Afinal são muitas as histórias… A polifonia de vozes na construção dos discursos e percursos transgressivos
Elementos para a compreensão dos discursos
As histórias das jovens entrevistadas nesta pesquisa contam percursos realizados sobre um conjunto de constrangimentos estruturais que pautam as suas vidas, dão conta das transições possíveis e das (im)probabilidades de seguir trajetos padronizados, e são marcadas por consecutivas escolhas aparentes, que refletem não só os constrangimentos à sua ação autónoma, como também à sua posição, enquanto sujeitos que fazem escolhas.
Atribuindo às jovens a condição de “autoras da sua vida” e assumindo que é a partir das narrativas que constroem as suas experiências (a partir de si mesmas, do lugar de onde falam e do que intentam fazer ver), os discursos dominantes sobre a transgressão foram construídos levando em consideração três principais elementos: (a) o cruzamento dos eixos vitimação/agencialidade, que permitiu encaixar os discursos e as trajetórias que se afastavam de representações mais estereotipadas do papel da rapariga na delinquência; (b) as estratégias e os discursos de autoapresentação, i.e., a forma como as jovens contam as suas histórias; e (c) as ambivalências e incoerências narrativas. Vejamos o contributo de cada um destes elementos para a construção da tipologia de percursos transgressivos.
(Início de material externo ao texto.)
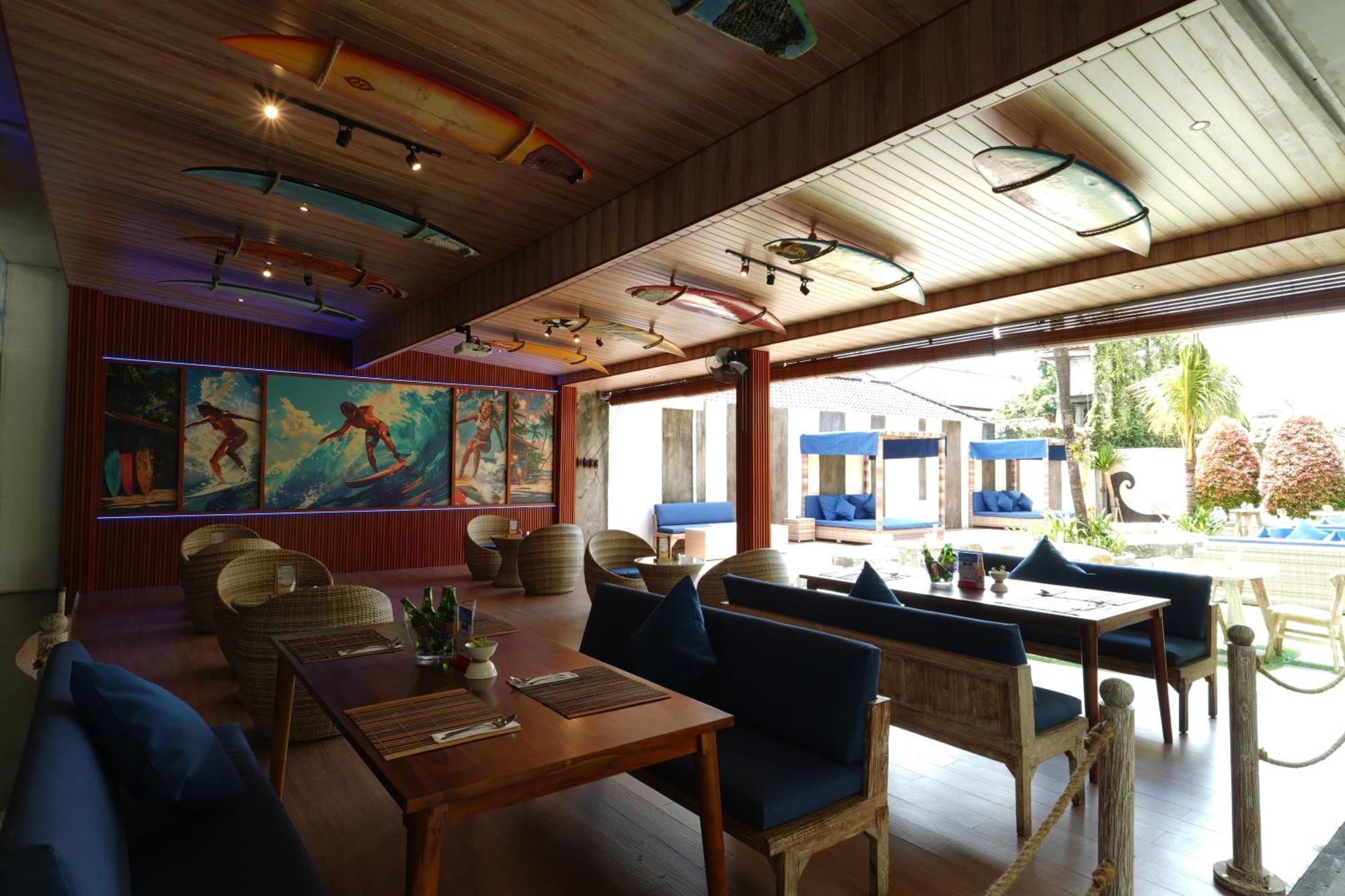Bliss Surfer Hotel Legian Exterior foto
Cruzamento dos eixos vitimação/agencialidade
Este primeiro elemento apoiou a leitura e a compreensão de partes das narrativas destas jovens que não se encaixavam no grande discurso teórico sobre o papel da rapariga na delinquência, como vimos na discussão teórica. Este primeiro recorte permitiu perceber como os motivos da transgressão são diversificados e como as jovens se (re)posicionam face a eles. Umas mostram como a transgressão surge da gestão de sentimentos negativos, angústias e lutos mal resolvidos, originados pelas histórias de maus-tratos, abandonos e institucionalizações. Expressões como “tenho de explodir”, “senti-me traída”, “chorava muito”. “algo me dizia para não parar”, “senti-me com muita raiva”, “não tenho apoio de ninguém, a minha mãe nunca acreditou em mim” são utilizadas pelas jovens com o objetivo de descrever esses sentimentos que estariam por detrás do seu comportamento transgressivo.
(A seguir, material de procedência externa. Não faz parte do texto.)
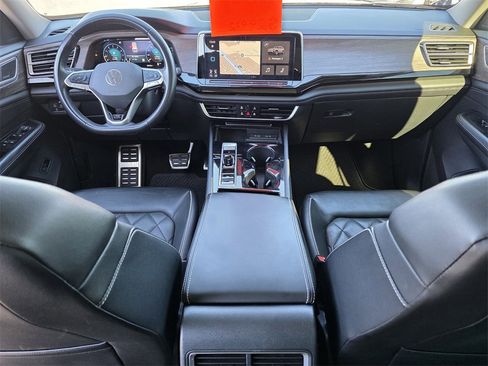 Used 2024 Volkswagen Atlas SEL Premium R-Line image 8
Para outras foi a procura do “risco-aventura” (Spink, 2001), da experimentação e da adrenalina. “Curtir a vida”, “viver a vida como se fosse o último dia”, “saber qual é o teu limite”, “vida sem risco não é nada”, “eu sou mais rebelde”, “é a juventude” — são expressões utilizadas pelas jovens para realçar a importância do risco na construção de sensações de autoeficácia e controlo das suas vidas, o que faz que atribuam uma certa “normalidade” às suas ações. A heteroautodeterminação é um discurso que dá conta da ambiguidade de posicionamento das jovens face à transgressão. Os discursos da heterodeterminação (foram as drogas, o namorado/companheiro, os sentimentos de revolta e raiva, a passagem pela instituição…) frequentemente se cruzam com os discursos do “fui porque quis” ou “foi por vontade própria”. Para outras ainda, a transgressão surge como uma exceção — “não sabia o que estava ali a fazer”; “foi reação”; “era para minha defesa, por causa do que me tinha acontecido”.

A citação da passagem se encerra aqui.